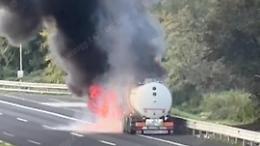 Autocisterna in fiamme in autostrada. Sul posto i vigili del fuoco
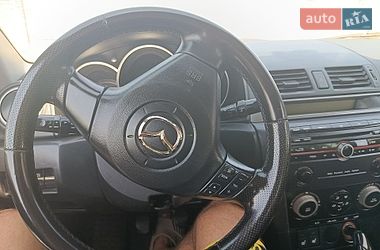Седан Mazda 3 2004 в Дачному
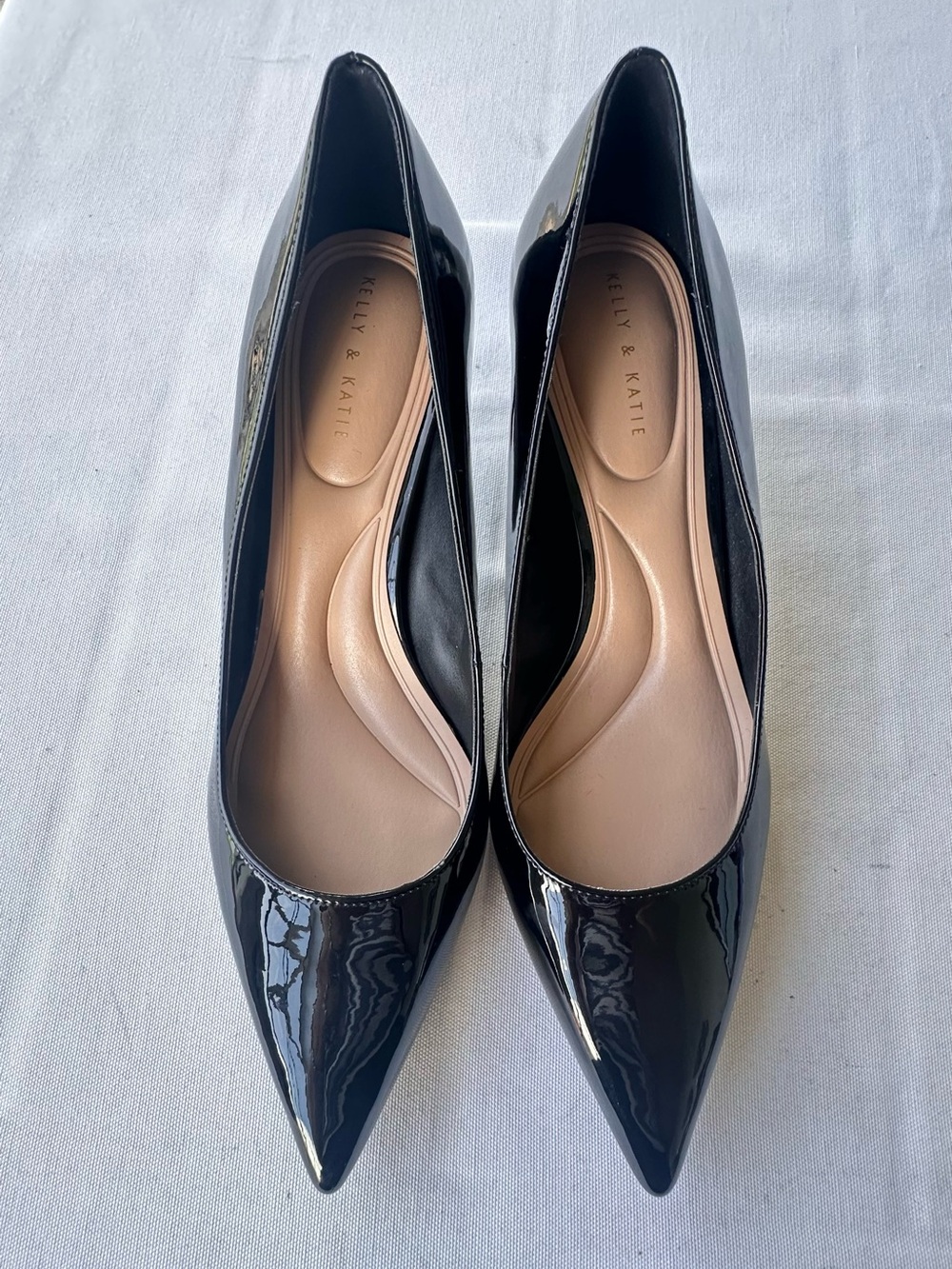Kelly & Katie Zaria Pump size 10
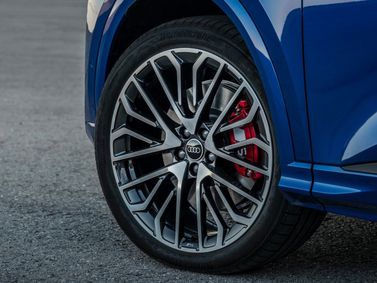 Audi SQ5 ثالثاً، دفع رباعي 5 أبواب — جنط العجلة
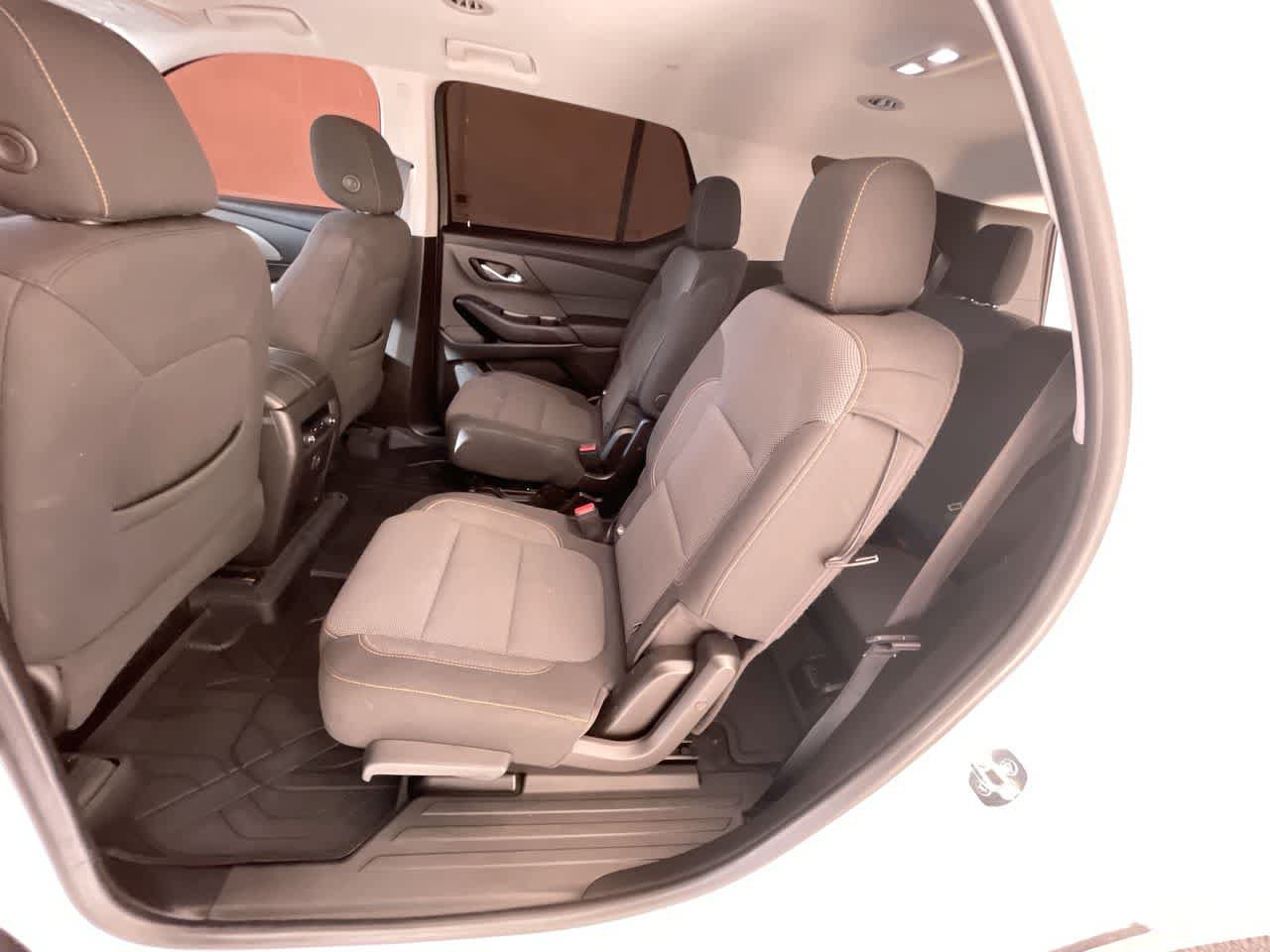 Used 2021 Chevrolet Traverse LT w/ LPO, Cargo Package AWD/4WD image 22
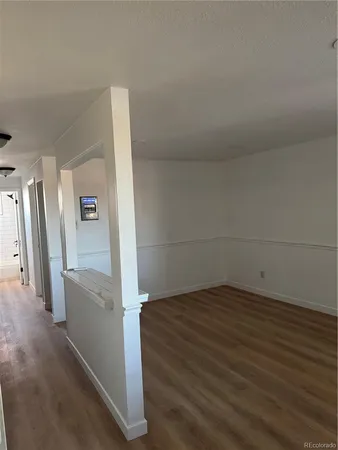 $1,250 | 3455 South Logan Street, Unit 303, Englewood, CO 80113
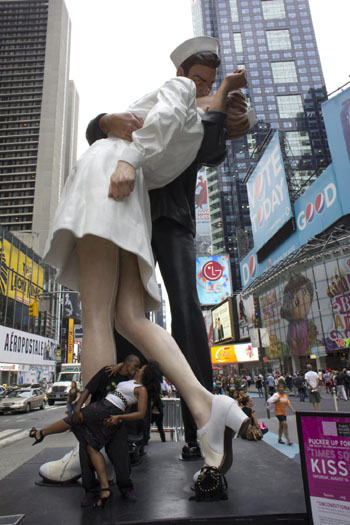 Iconic images recreated in Times Square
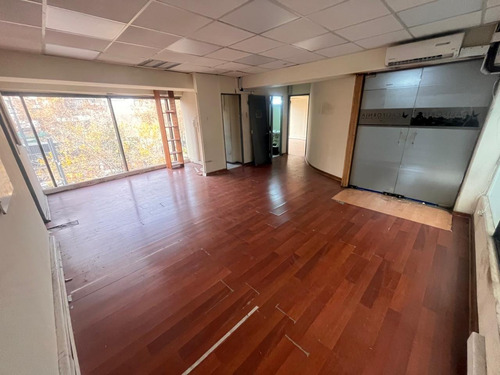 Arriendo Oficina Ed. Giratorio Conexión Metro Los Leones, Pl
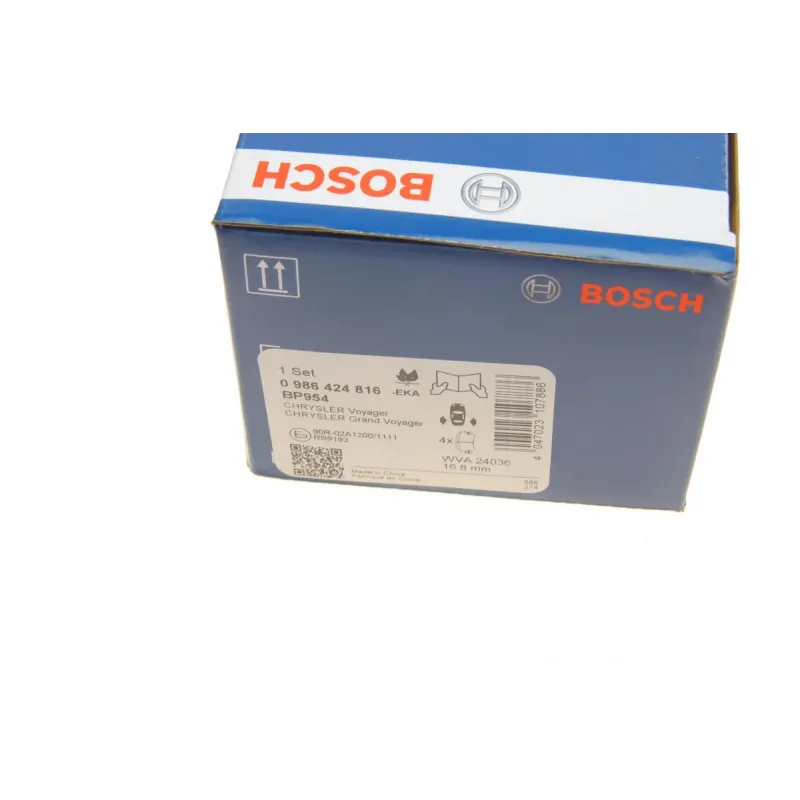 Колодки гальмівні задні BOSCH 0 986 424 816 для Chrysler Voyager IV, Dodge Caravan, Jeep Cherokee 2000-2008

____________________

■ WORK TASK ■
Please print the line that contains "Kelly & Katie Zaria Pump size 10" along with every later line of the material, exactly, through the last one. Leave pictures out of the copy.

■ RESPONSE BOX ■
Kelly & Katie Zaria Pump size 10
 Audi SQ5 ثالثاً، دفع رباعي 5 أبواب — جنط العجلة
 Used 2021 Chevrolet Traverse LT w/ LPO, Cargo Package AWD/4WD image 22
 $1,250 | 3455 South Logan Street, Unit 303, Englewood, CO 80113
 Iconic images recreated in Times Square
 Arriendo Oficina Ed. Giratorio Conexión Metro Los Leones, Pl
 Колодки гальмівні задні BOSCH 0 986 424 816 для Chrysler Voyager IV, Dodge Caravan, Jeep Cherokee 2000-2008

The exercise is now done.